In re the Estate of Tanenblatt

OPINION OF THE COURT

C. Raymond Radigan, J.

In a proceeding brought pursuant to SCPA 2103 to recover part of the proceeds of a life insurance policy, the executrix moves for summary judgment against respondents, Sheila Tanenblatt, decedent’s former spouse and William Penn Life Insurance Company.

As part of their divorce settlement decedent and his former spouse, Sheila Tanenblatt, entered into a separation agreement under which he agreed to pay her $769.23 per week for a period of five years ending August 31, 1995 or until the death of either party, whichever event occurred earlier. As security for the payments, decedent agreed to take out and maintain a policy of insurance on his life, naming Sheila as beneficiary in the initial sum of $200,000, "such sum being subject to decrease to equal the amount of the remaining payments due Sheila.” The agreement specified decedent’s obligation to maintain the insurance policy shall terminate at the same time as his obligation to make weekly payments ceased.

At the time of decedent’s death the balance owed his ex-wife for maintenance was $105,000. Decedent had not reduced the face amount of the policy to coincide with the amount due under the separation agreement and his former wife as the named beneficiary was paid the full policy proceeds of $201,885.67. Her refusal to return the excess over $105,000 gave rise to this proceeding.

The answer interposed by respondent states she is not obligated either by the terms of the separation agreement or the insurance contract to return any money to the estate. Her counsel argues that decedent having failed to reduce the face amount of the policy must be deemed to have intended the *492designated beneficiary to be entitled to the proceeds in accordance with section 3212 (b) (1) of the Insurance Law. The latter is an exemption statute insulating the proceeds of life insurance policies payable to a named beneficiary from the claims of creditors and others under specified circumstances.

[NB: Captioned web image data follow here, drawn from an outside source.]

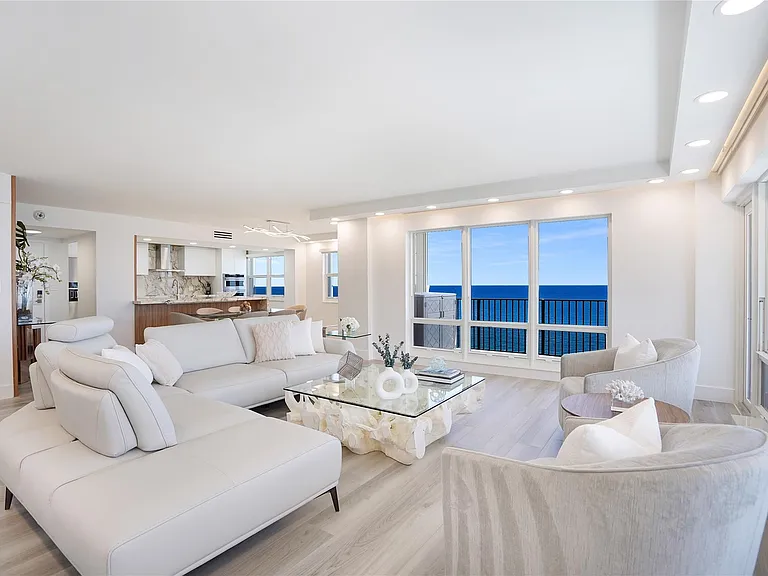 5100 N Ocean Blvd #1409 — Photo 4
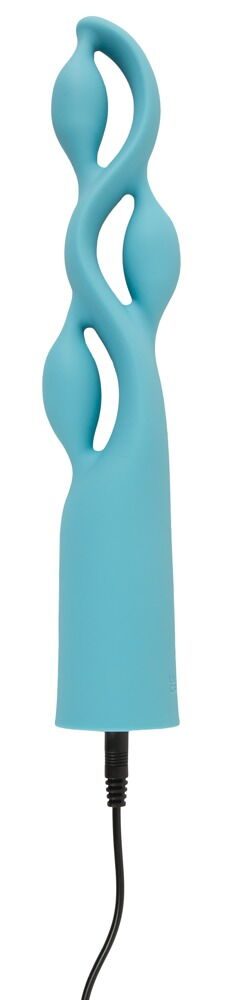 You2Toys Fabulous Vibrator Turquo (obrázek 8)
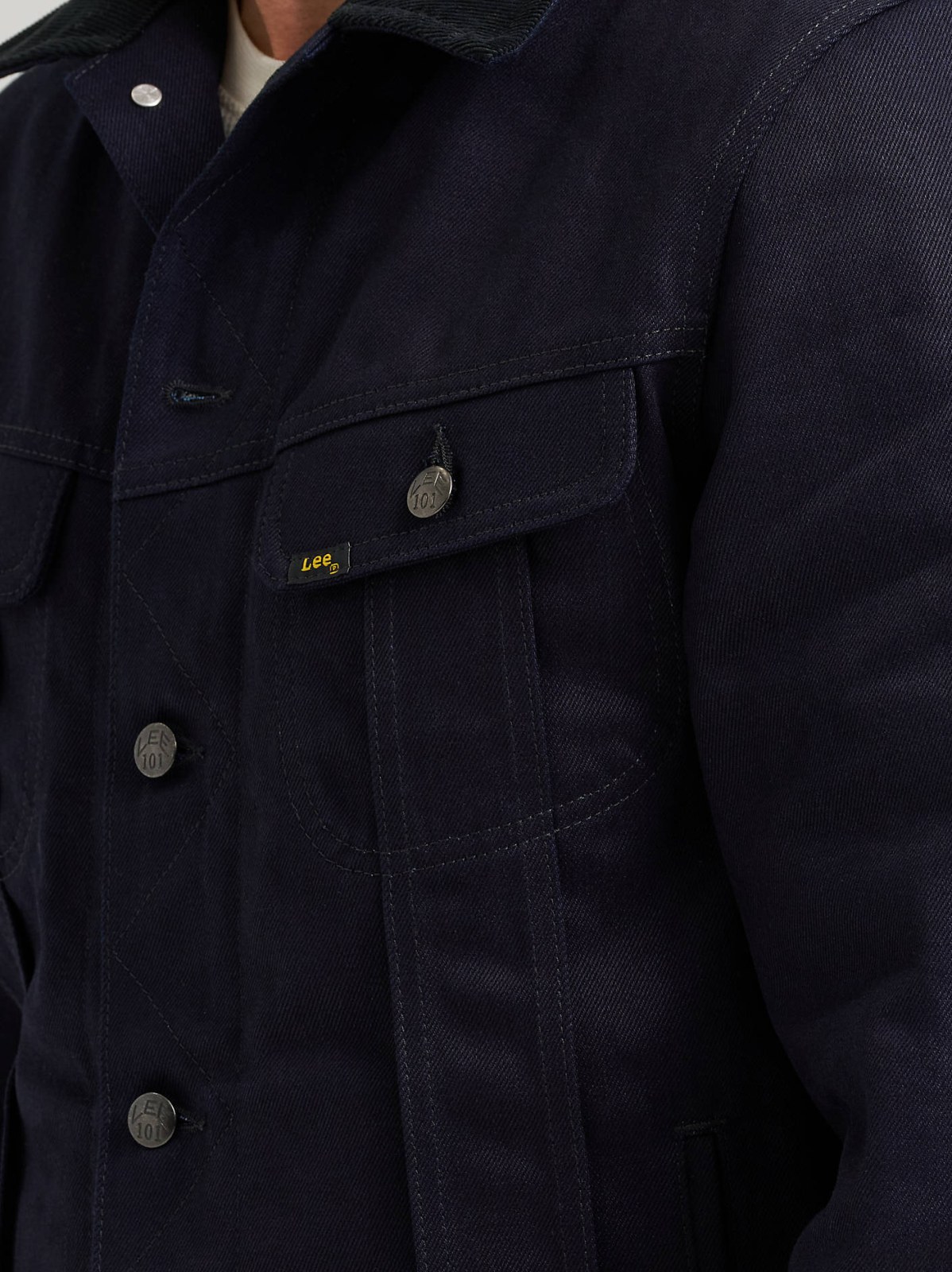 Men's Lee 101 Storm Rider™ Jacket - view 5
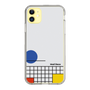 Slim Protection Case［ Mod Deco - オリジナル - レトロ ］
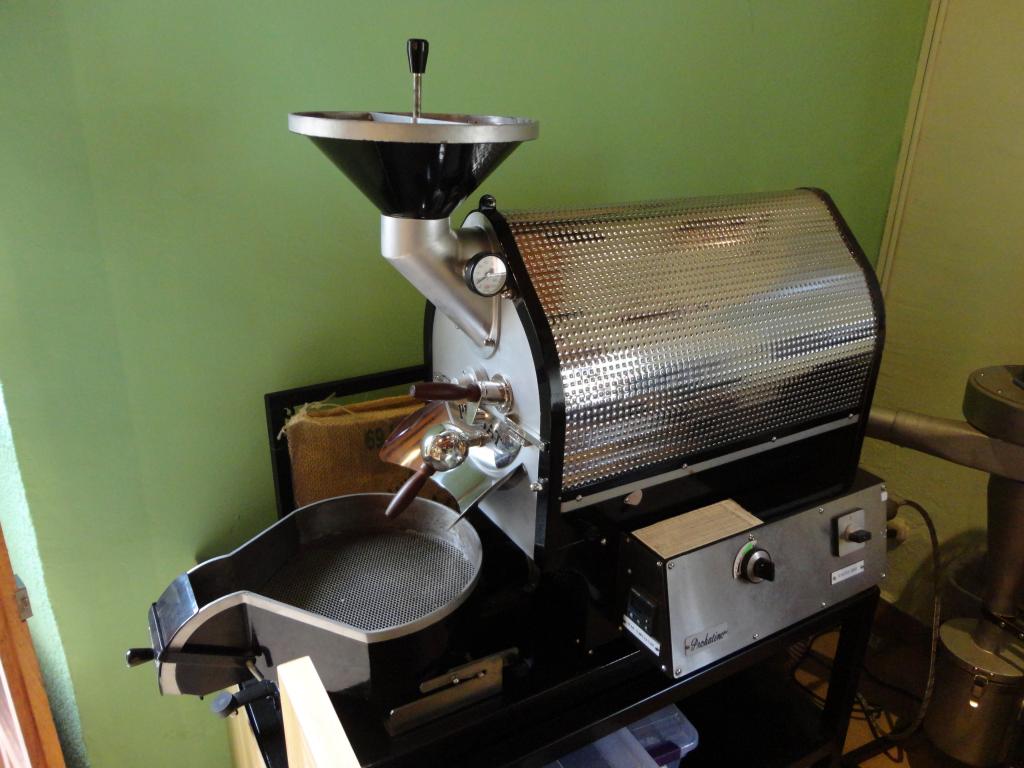 【自論】オススメの焙煎度合いって難しくないですか?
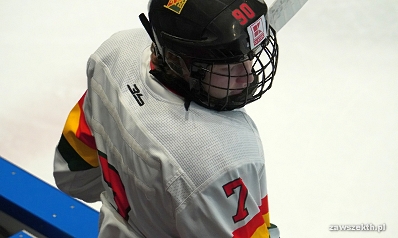 juniorzy m�odsi KTH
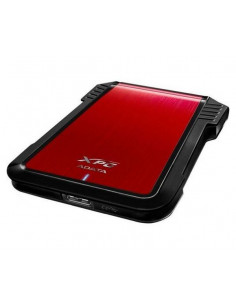 Внешний корпус ADATA XPG EX500, Красный (AEX500U3-CRD) 2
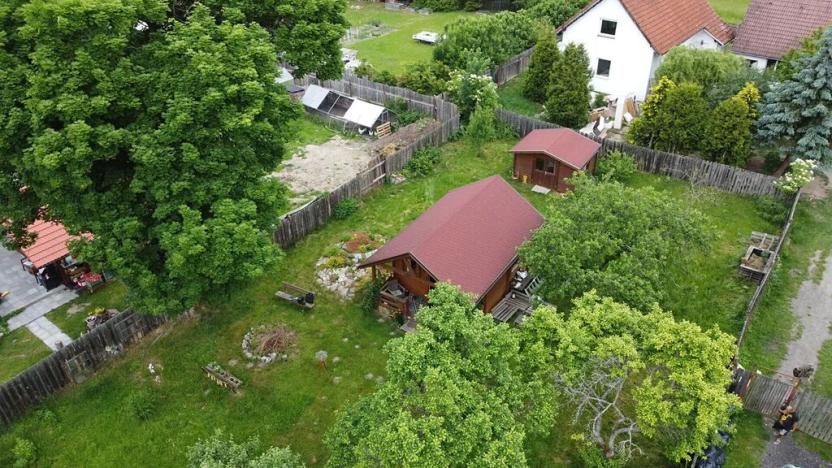 Prodej chaty, Františkovy Lázně, 33 m2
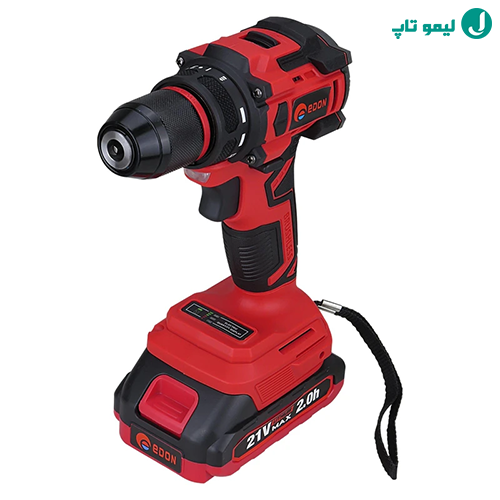 drill regargable AD 21BL
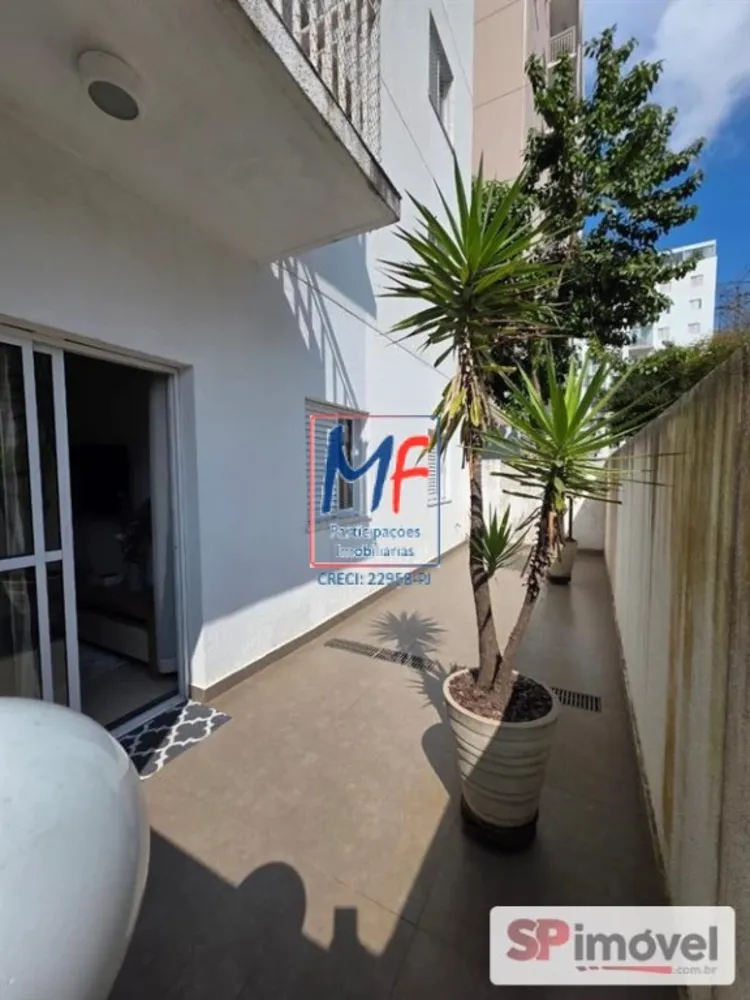 Apartamento, 2 quartos, 47 m² - Foto 2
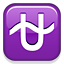 Apple Emoji iOS 5.0.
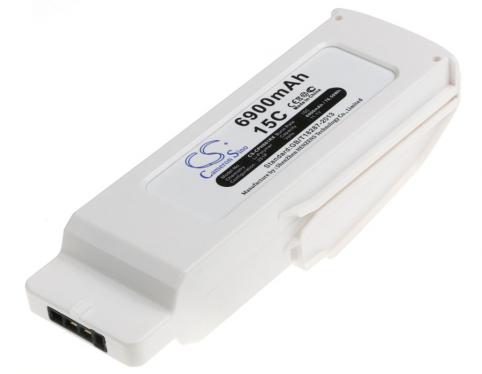 Batterie drone blade blh8675eu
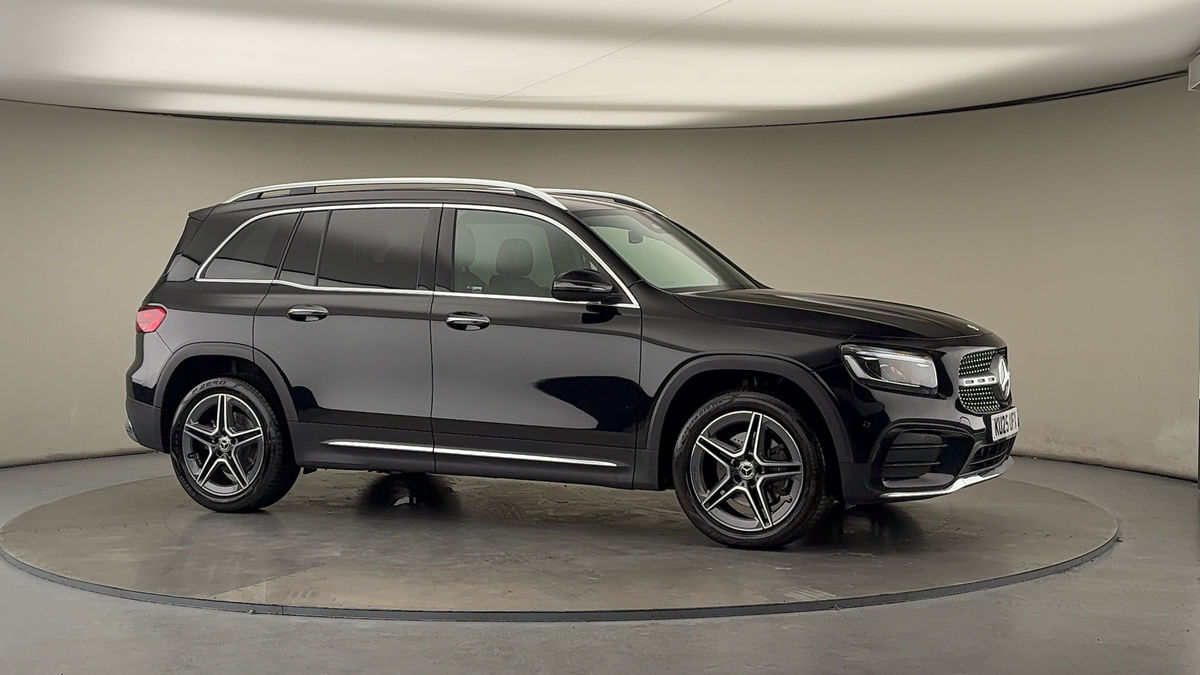 Used Mercedes-Benz GLB 2025 for sale - 76304612: Photo 36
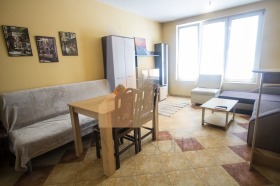 1 Schlafzimmer Lozenez, Sofia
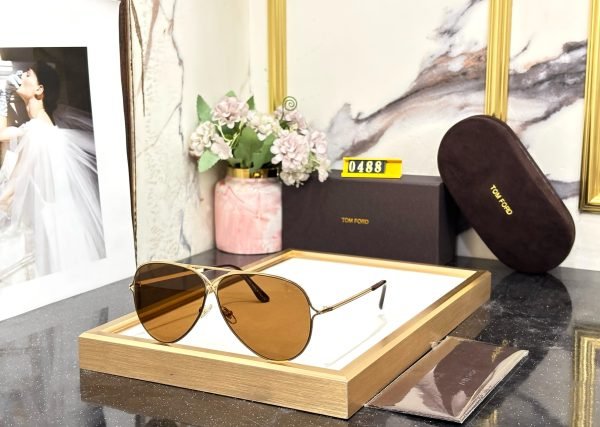 TOM FORD CROSS MENS - Image 4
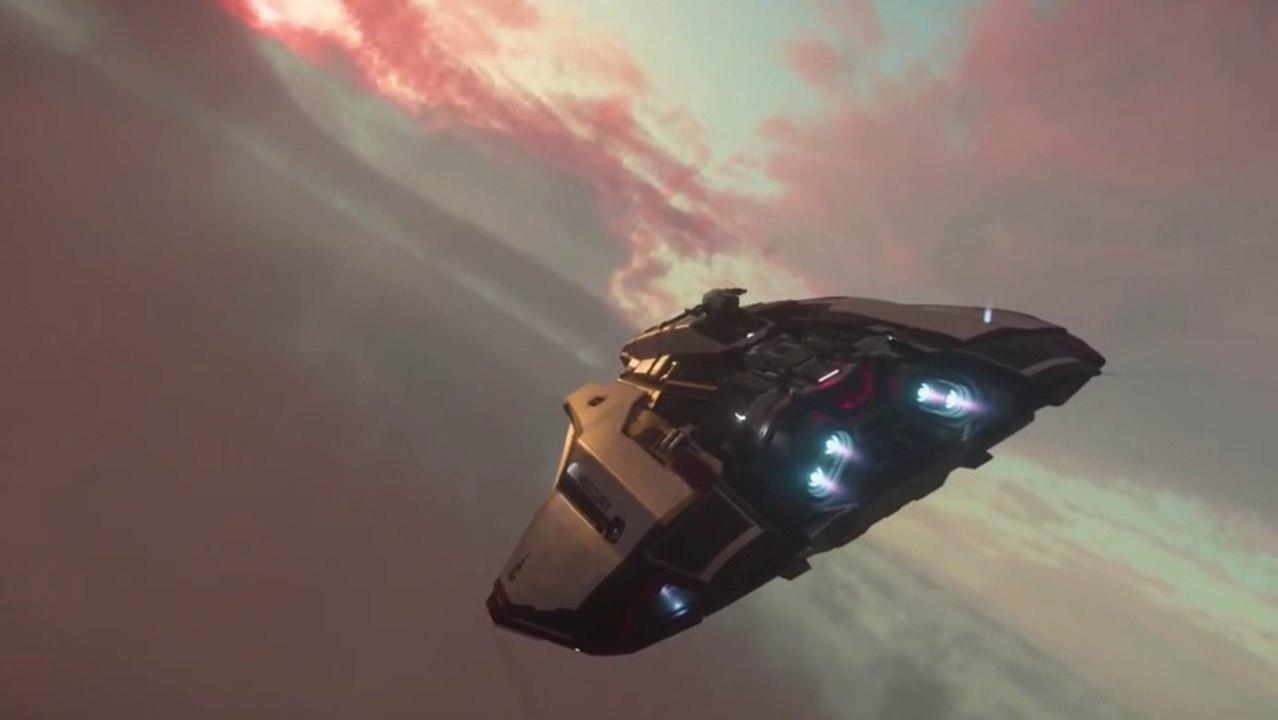 Star Citizen: Die Zukunft des Megaprojekts wird in einer 23 minütigen Engine-Demo offenbart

Is is not controlling under the factual circumstance present in this case.

As a rule, an insured has the right to designate the person who shall be the beneficiary under the insurance contract and such person is entitled to the insurance proceeds as a third-party beneficiary in accordance with the intention of the insured which is usually ascertained from the contract itself (2 Appleman, Insurance Law & Practice, § 771).

When a creditor is named as beneficiary by the insured, there is a conflict of authority as to the measure of the creditor’s recovery. One view limits the creditor to the amount of his debt with the balance in excess thereof inuring to the benefit of the insured’s estate (2 Appleman, id., § 851; 5 Couch, Insurance § 29:15 [2d ed 1984]). The minority view holds the creditor is entitled to the entire policy proceeds even where the proceeds exceed the amount of the debt and even though the debt has been paid (5 Couch, id., § 29:16). New York follows the minority viewpoint (Olmsted v Keyes, 85 NY 593, 598-599; Alperstein v National City Bank, 201 Misc 47) where the only evidence of the insured’s intent is found in his designation of a beneficiary.

In situations where the intention of the insured is ascertainable from evidence other than the insured’s mere designation of the beneficiary an exception to the rule in New York becomes operative. Thus, when the insured as part of a separation agreement or divorce undertakes to maintain his wife as the beneficiary of an insurance policy and subsequently breaches his agreement, the courts have consistently impressed a constructive trust on the policy proceeds to enforce the promise for the benefit of the former spouse (Markwica v Davis, 64 NY2d 38; Rogers v Rogers, 63 NY2d 582; Simonds v Simonds, 45 NY2d 233).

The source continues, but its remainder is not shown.